I wrote you once before for advice,
and may I say you were right on the money, I hope you can help me again.
I have a plant that I found about 3 inches high last summer in my front yard.(true story) Well it grow to about 5 feet and budded real nice (although plant was not real bushy). I never clipped that whole time.
After reading on the net to find out how to regenerate new growth, I clipped the top 1/3 of the plant off and I have the light on it alot.
New growth started, but on only one branch of the plant. Its actually really adding alot of new leaves but the rest is just very slowly drying up.
Is there any way to save this plant since there is new growth on part of it? Or is there any way to clone it at this point?
Thank you for help.
If the new growth is long enough (i.e. two inches) you could cut off a clone (more if possible).
Make sure it has AT LEAST one full grown leave (five fingers), if not wait till it has.
Don’t overfeed the old plant but give it tap water only.
I would not spend too much energy on the "old" plant. Genetically speaking a clone (or cutting as we call it in NL) is a copy of the original plant. You could go on "4ever" with the same plant, but you'd be better of to keep a (copy of the) plant in a generative stage since this is easier to handle.
I really have to add a section on the making and handling of clones to the site,
but I’m very busy at the moment surviving the rat race, so you have to do with a quick run over.
(In the mean time I finished this section, have a look.)
To keep a short-day plant – as weed is – in a vegetative stage,
all you have to do is to give it a minimum amount of light for eighteen hours a day.
Or to be more precise, do not let it have nights longer than six (to twelve) hours.
From this plant you take new clones, and like I said, you could go on and on and ... When this “mother plant” is getting “tired” you just replace it with one of the cuttings (the best).
Cuttings are just what the word says; they are a piece of plant, cut off of the original. Weed wants to grow that much that you don’t even need rooting agents or such. Just place the cutting in some dirt (mixed with sand) or a piece of (agricultural) rock wool and roots will appear in a few (two till four) weeks.
Make sure you cut the clone with a sharp knife, razor blades are perfect,
and make the cut diagonal (do not use scissors).
If you live in a very dry area, you could halve the leaves to prevent evaporation,
but building a “plastic tent” is better.
Moisture should be around the 80% (Relative) going down while growing (to 60%).
Temperature 22 – 25 degrees Centigrade (times 1.8 + 32 = F).
For lighting you can use fluorescent tubes color 33 (Cool white), the ones used in office buildings and shops.
Keep the soil or rock wool moist, but not soaking wet; roots need oxygen and water is a bad transporter of the latter.
Hope this helps,
After reading several different sites to learn about growing I have a few questions that have not been addressed.
First the plant I have I found in my front yard, I did not plant it myself but it is now approximately 3 months old. By reading info, I know it is a female, and is about 4 1/2 ft. tall. It was outside for the first 2 1/2 months until we obviously could not leave it there so we brought it indoors. We have had it on a 12 - 12 cycle for a couple weeks now and it has produced alot of what looks like flowering with white hairs.

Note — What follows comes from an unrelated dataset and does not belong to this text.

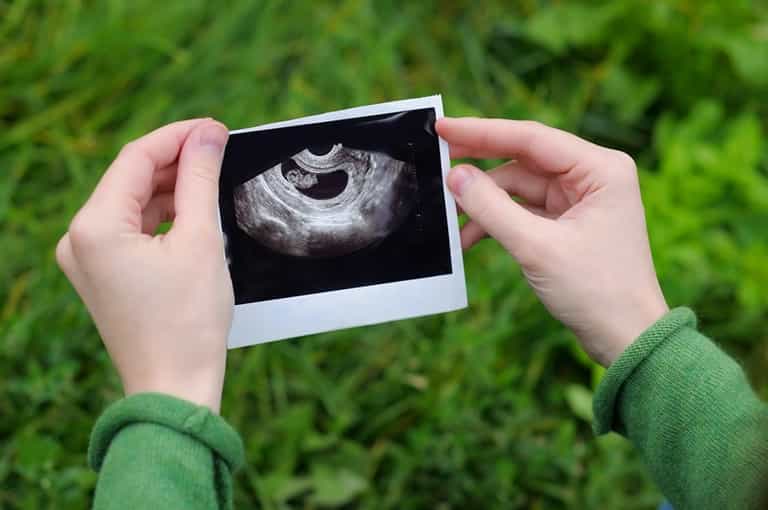 This woman didn’t know she was going to be a mum until she was 8 months pregnant This woman didn’t know she was going to be a mum until she was 8 months pregnant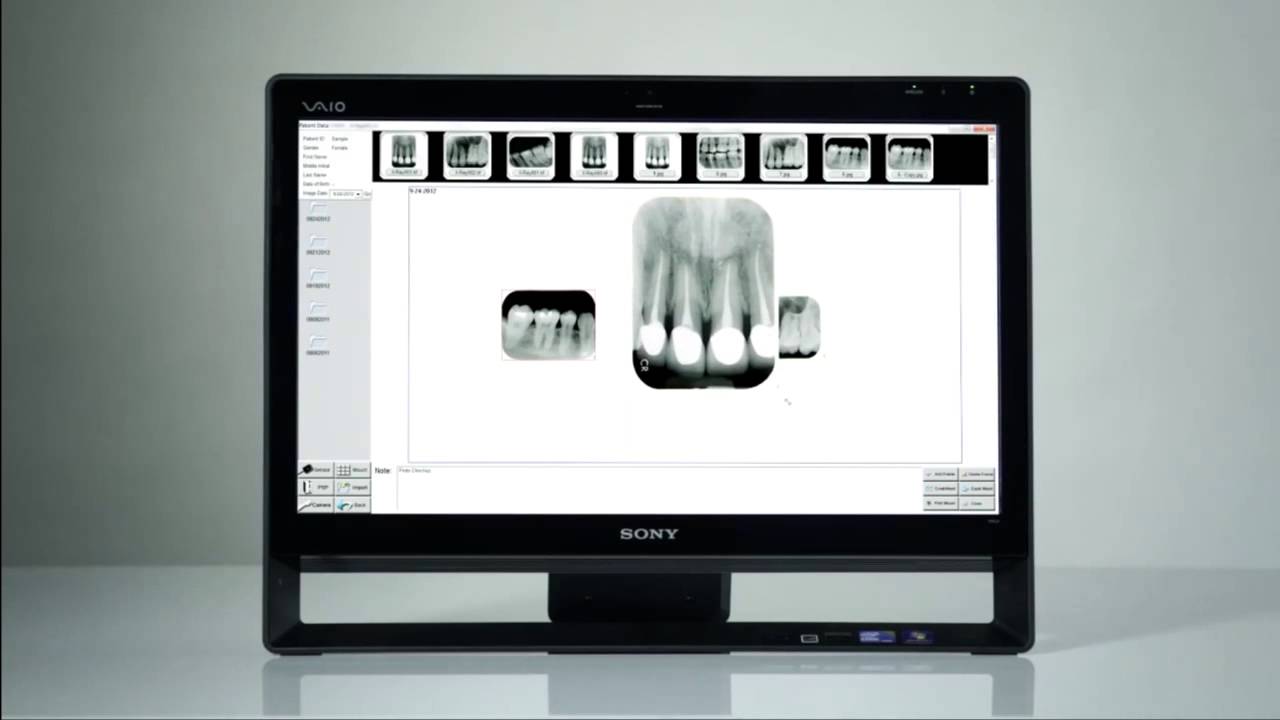 Apixia Digirex Phosphor Plate (PSP) X-Ray Scanner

My problem is the heighth of the plant. How do you stop the upward growth (or do you?)? Can you "clip" it to allow it to bush outward? We have no more room to move the lighting upward. Also, exactly how long is the flowering to budding stage?
Well, the flowering with white hairs is what it's all about. Most plants are ripe when those hairs are getting brown for, say 75%. How long that will take - time wise - is hard to say, it depends a lot on genetics. It could be as fast as six weeks, but it could also take four months. Take a sample every now and than from the lower branches, you could quick-dry it in a micro wave (the taste is terrible thought).

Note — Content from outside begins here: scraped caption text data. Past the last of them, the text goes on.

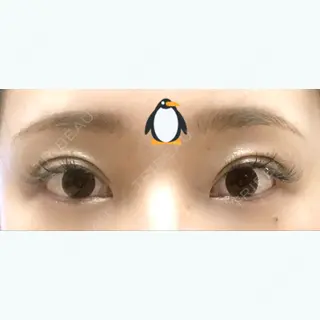 16日目の経過画像（2枚目）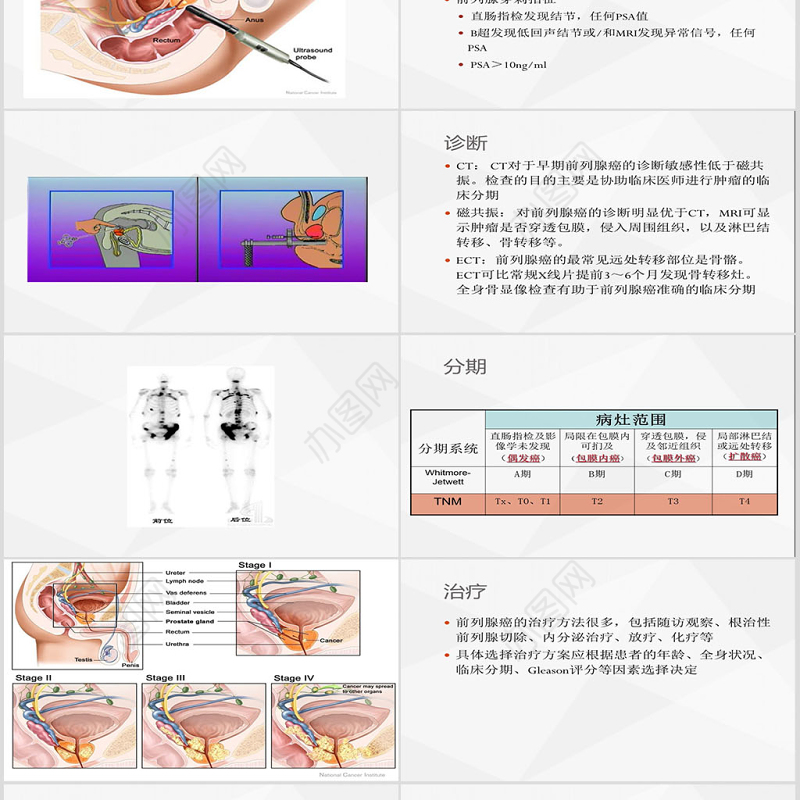 前列腺癌大学课件PPT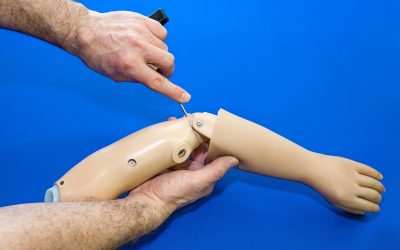 Changing Lives in India: Artificial Hands For the Handicapped Restore Independence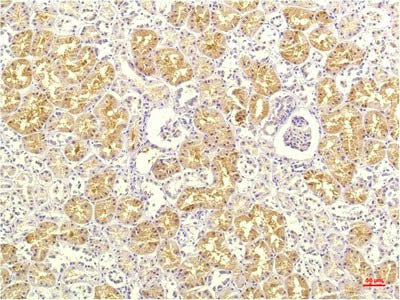 IL8 Monoclonal Antibody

The problem with cutting of the top and/or branches (if that's what you mean with clipping)
is that for every branch you take off, you get two back.
Besides that you should "never" cut a blooming plant because it costs a lot off power.
Span some (plastified) wires criss-cross around your plant(s). Bow tops and branches down and use the same wire to tie them down. (the result looks a bit like a fishing rod with a reel and a big fish hanging from it) Do not tie the plant to the cross-wires though, they are just there to prevent the plant from falling.